Short descriptive text snippets:
□ □ □ □

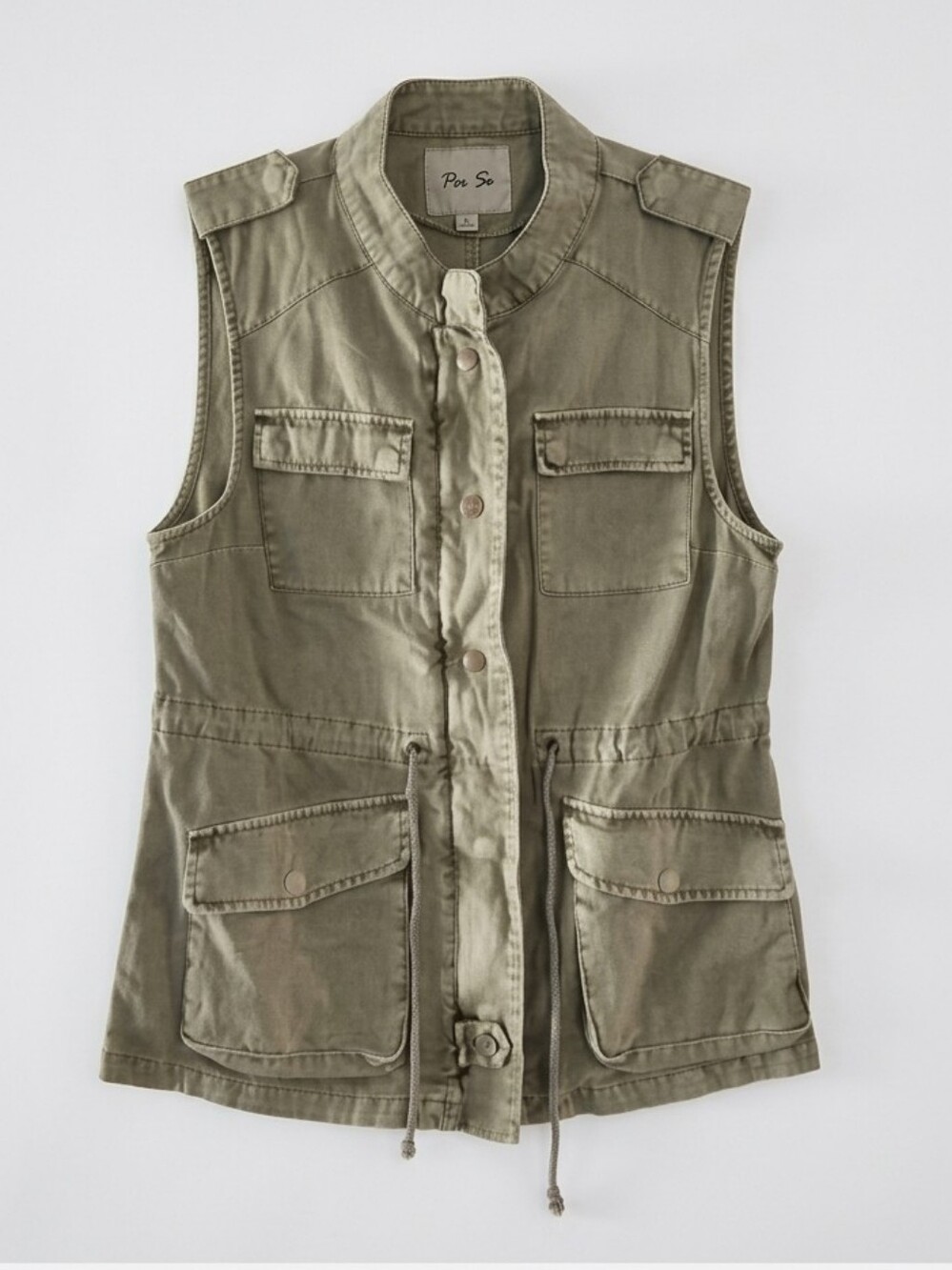 Per Se Olive Utility Vest with Front Pockets Cotton Blend Gorpcore Streetwear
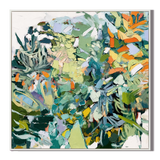 "Verdant Symphony" – Modern Textured Botanical Green Abstract Oil Painting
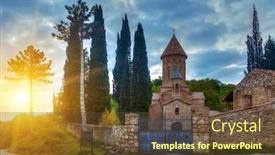  Presentation with kakheti - Amazing presentation theme having ikalto cathedral in kakheti region backdrop and a tawny brown colored foreground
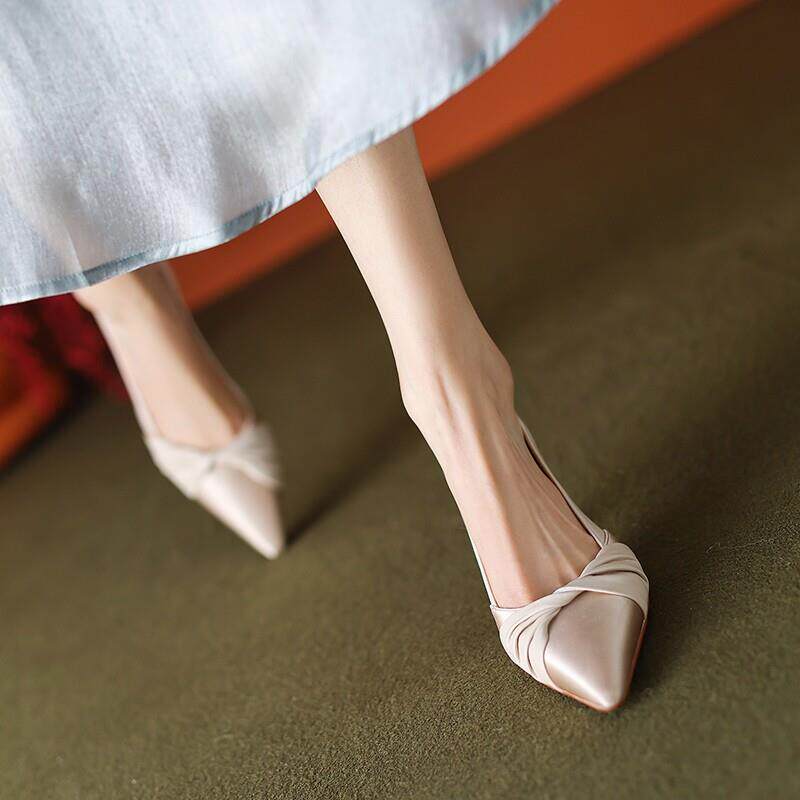 气质款~Raraente真皮尖头拼色浅口细高跟鞋女休闲百搭通勤单鞋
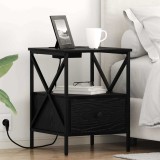 VidaXL Dulap de noapte 2 pcs Stejar negru 41.5 x 40.5 x 55 cm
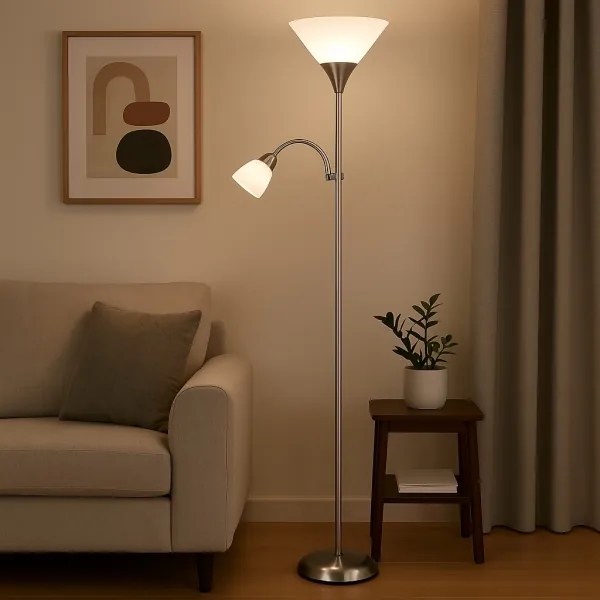 Brilagi - Állólámpa ARIANA 1xE27/100W/230V + 1xE14/25W matt króm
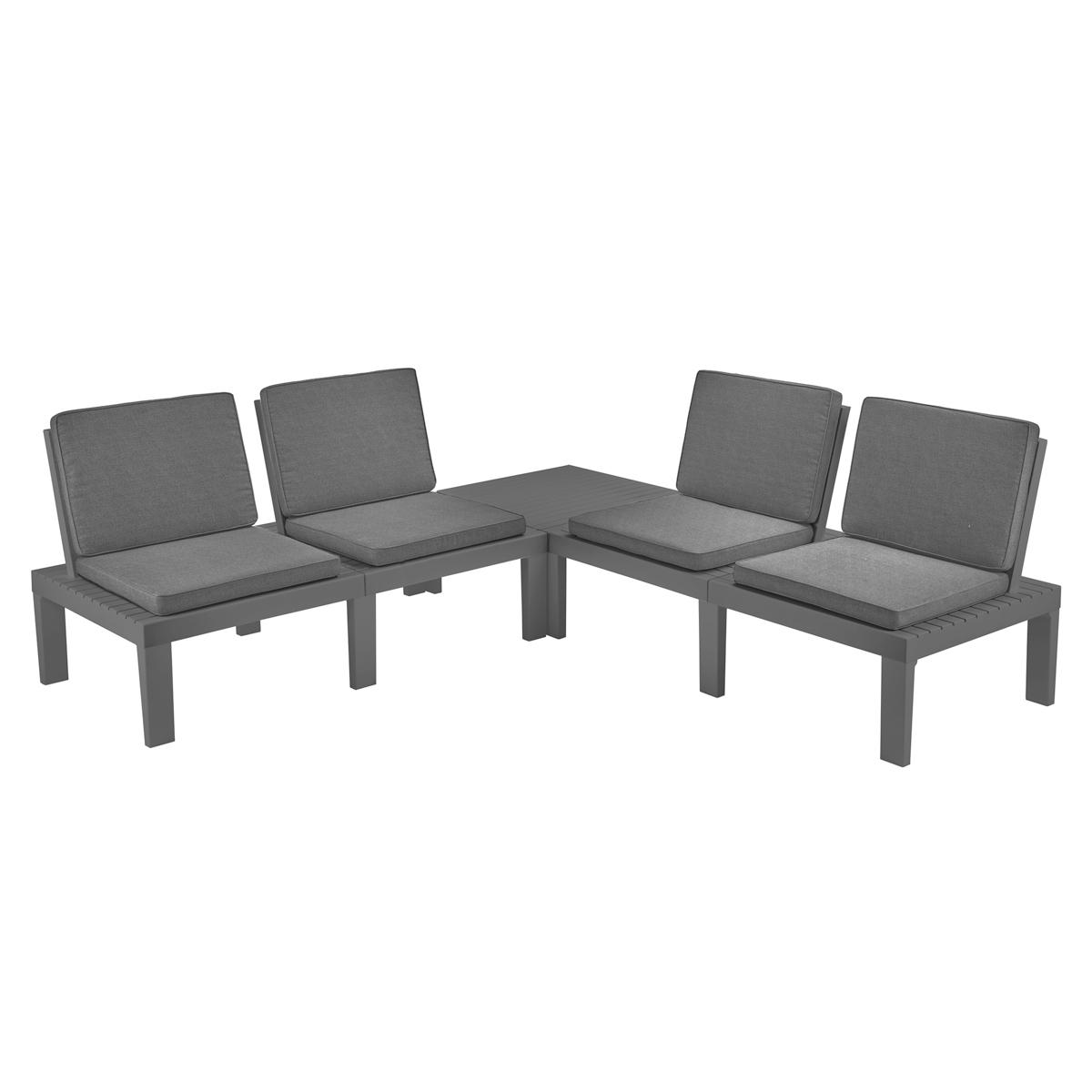 Progarden Vrtni set Molok sa jastucima, Antracit-Sivi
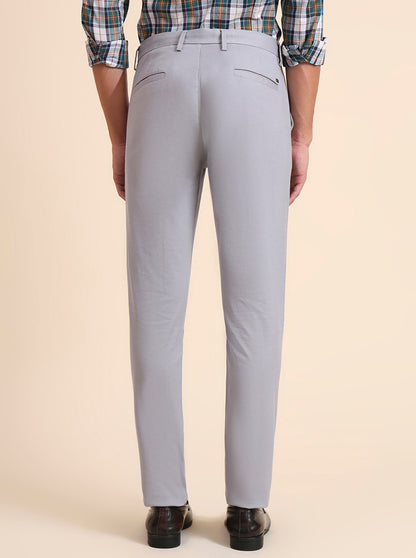 Blue Solid Uno Fit Casual Trouser | JadeBlue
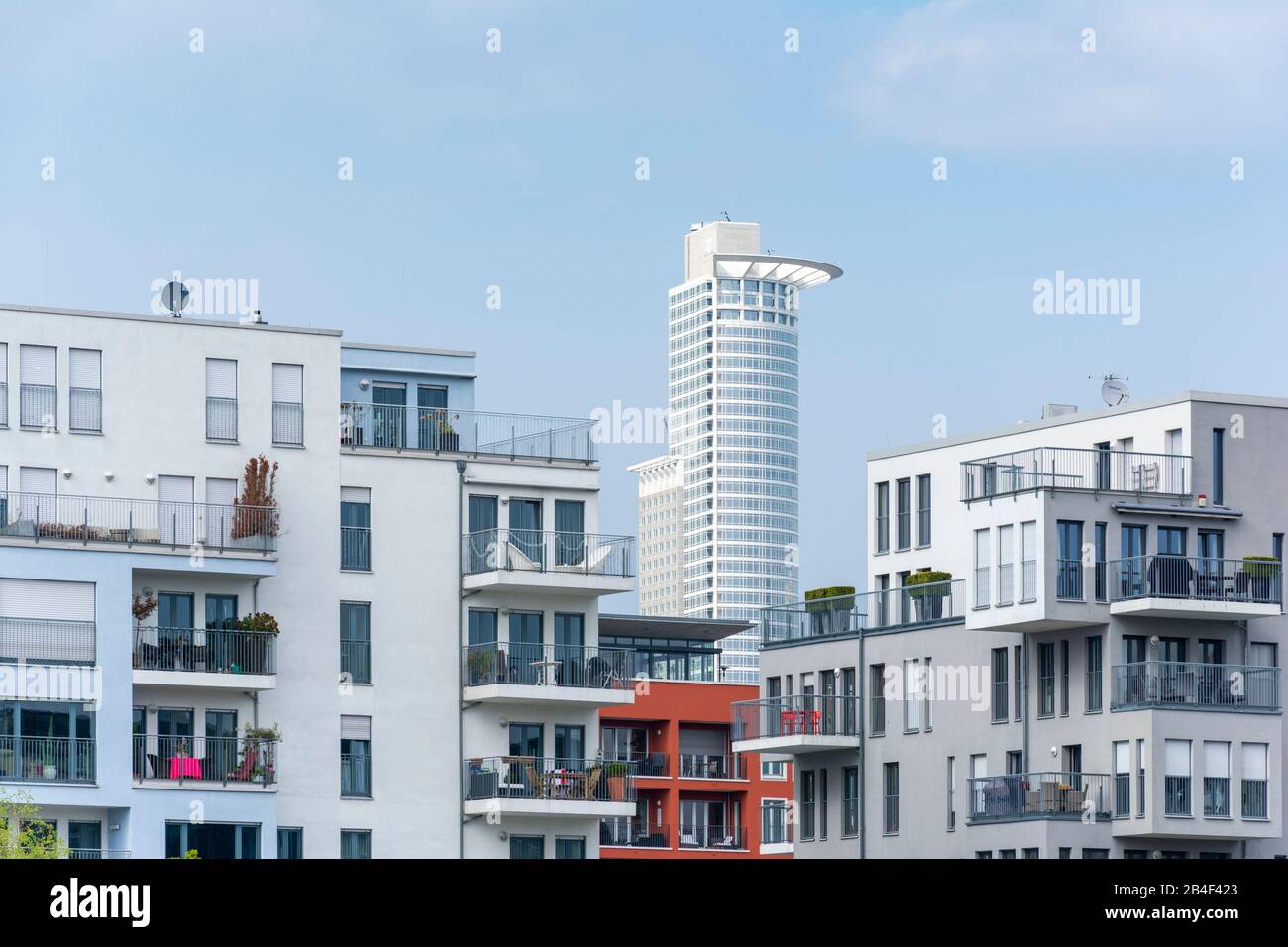 Germany, Hesse, Frankfurt, houses line at the Speicherstraße. Stock Photo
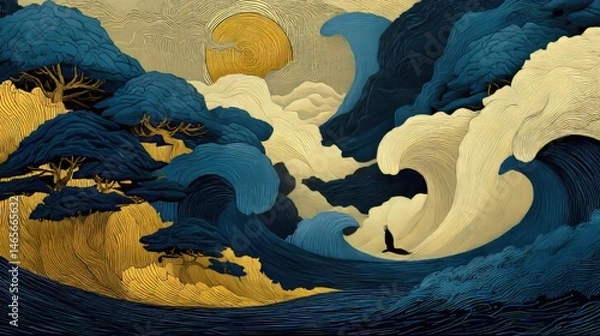 Fototapeta Stylized dark blue trees on gold hillside with textured waves, sun, and bird in woodblock print style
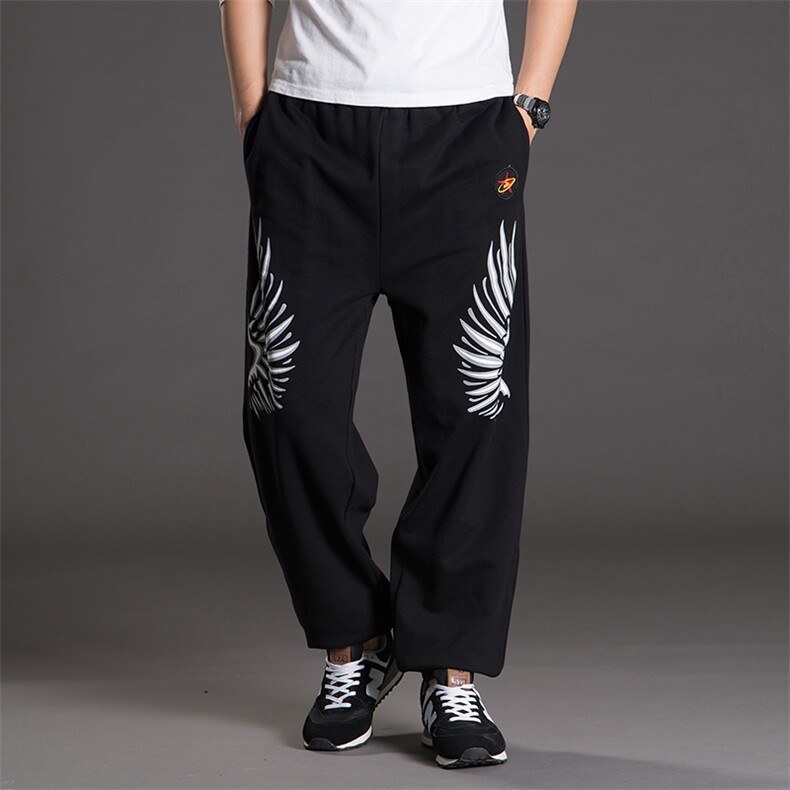 秋新款男士嘻哈休闲运动裤宽松潮款街舞卫裤加肥加大码0193款P65，男装休闲裤，星座802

□ □ □ □

## ASSIGNMENT
Please repeat the data verbatim and leave the pictures out of your copy.

## ANSWER SECTION
 Per Se Olive Utility Vest with Front Pockets Cotton Blend Gorpcore Streetwear
 "Verdant Symphony" – Modern Textured Botanical Green Abstract Oil Painting
  Presentation with kakheti - Amazing presentation theme having ikalto cathedral in kakheti region backdrop and a tawny brown colored foreground
 气质款~Raraente真皮尖头拼色浅口细高跟鞋女休闲百搭通勤单鞋
 VidaXL Dulap de noapte 2 pcs Stejar negru 41.5 x 40.5 x 55 cm
 Brilagi - Állólámpa ARIANA 1xE27/100W/230V + 1xE14/25W matt króm
 Progarden Vrtni set Molok sa jastucima, Antracit-Sivi
 Blue Solid Uno Fit Casual Trouser | JadeBlue
 Germany, Hesse, Frankfurt, houses line at the Speicherstraße. Stock Photo
 Fototapeta Stylized dark blue trees on gold hillside with textured waves, sun, and bird in woodblock print style
 秋新款男士嘻哈休闲运动裤宽松潮款街舞卫裤加肥加大码0193款P65，男装休闲裤，星座802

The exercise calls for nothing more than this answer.